When I was asked to give a keynote for this event on teaching, I had the idea of reflecting on almost 9 years of teaching with introductory statistics and data science through the lens of reproducibility. I would have said “teaching with R Markdown”, but looking back through my notes, this wasn’t true as the rmarkdown package has not been around for that long – turns out I started teaching with it when it was just knitr. Frankly, some of the details are blurry, but as I explained in my talk, I remember sitting in the audience at useR! 2012 in Nashville where Yihui and JJ introduced knitr in their keynote, and literally updating my course labs while I was sitting there to use knitr!

This was also an opportunity to reflect on and discuss what changed (and what didn’t) since my first blog post on Citizen Statistician which was on this topic and our paper on teaching with R Markdown that is still very relevant today.

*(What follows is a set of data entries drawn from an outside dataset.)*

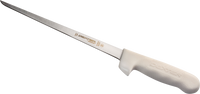 S133-9 fillet knife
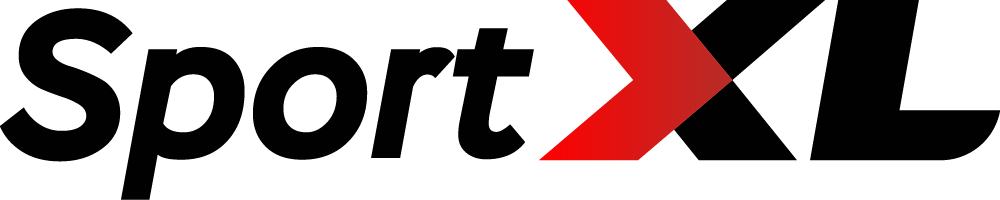 Sport XL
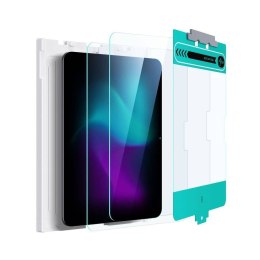 Szkło Hartowane IPAD AIR 10.9 (4GEN / 5GEN) / IPAD PRO 11.0 (2GEN / 3GEN / 4GEN) ESR Tempered Glass Clear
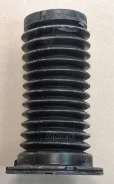 ������� ������������ | ����� | (540344EA0A ) Nissan ���. 540344EA1A 540344EA1A ����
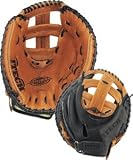 Itech 6360c Softball Catcher's Mitt - Left Handed Thrower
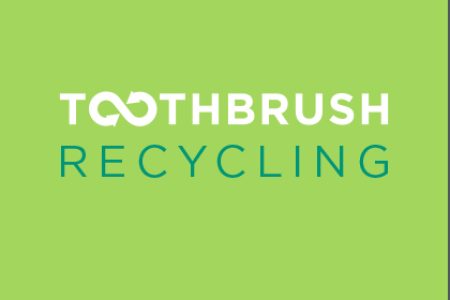 Can I Recycle My Toothbrush? (featured image)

Video of the talk and slides are below.




You can find a full set of the videos from this fantastic event at rohanalexander.com/reproducibility.html. Thank you Rohan for organizing and inviting me!

I should also say a few words about the title of the talk and the cover slide. As I was brainstorming ideas with Colin, he told me about the essay by Neal Stephenson called In the Beginning… Was the Command Line. I had not read it at the time, but I have now! The title is a loose take on this, even though the content of the talk is not at all based on it. I also really liked the cover of the book and decided to style my talk title slides based on it.

Given that this is a talk on reproducibility, I didn’t have the heart to not generate this image reproducibly, so I forked Sharla Gelfand’s ggkeyboard package and altered it a bit to get what I need. You can find my version (that is only useful for generating this image) here.

# devtools::install_github("mine-cetinkaya-rundel/ggkeyboard")
library(ggkeyboard)

ggkeyboard(
  in_the_beginning_full, 
  palette = keyboard_palette("in_the_beginning"), 
  adjust_text_colour = FALSE
)

Keyboard that spells out 'In the beginning was R Markdown' in the keys.

Once I got the keyboard layout working I searched around for color inspiration on same.energy where I stumbled upon this gorgeous design and used the Digital Color Meter app on my Mac to create a palette for the cover image and the talk.

If you’d like to do something similar yourself, all it takes is to edit the CSV files in the data-raw folder for your desired output. You can then update the package data with usethis::use_data() and use the new keyboard style you created in one of the functions provided by the package. If you want to give this a try I recommend starting from Sharla’s package and using my fork in case you’re curious how I went about it.

Finally, in case you only read this and don’t get a chance to watch the video or look through the slides, the talk ends with

In the beginning was R Markdown and R Markdown continues to facilitate reproducibility, no matter your scope and experience.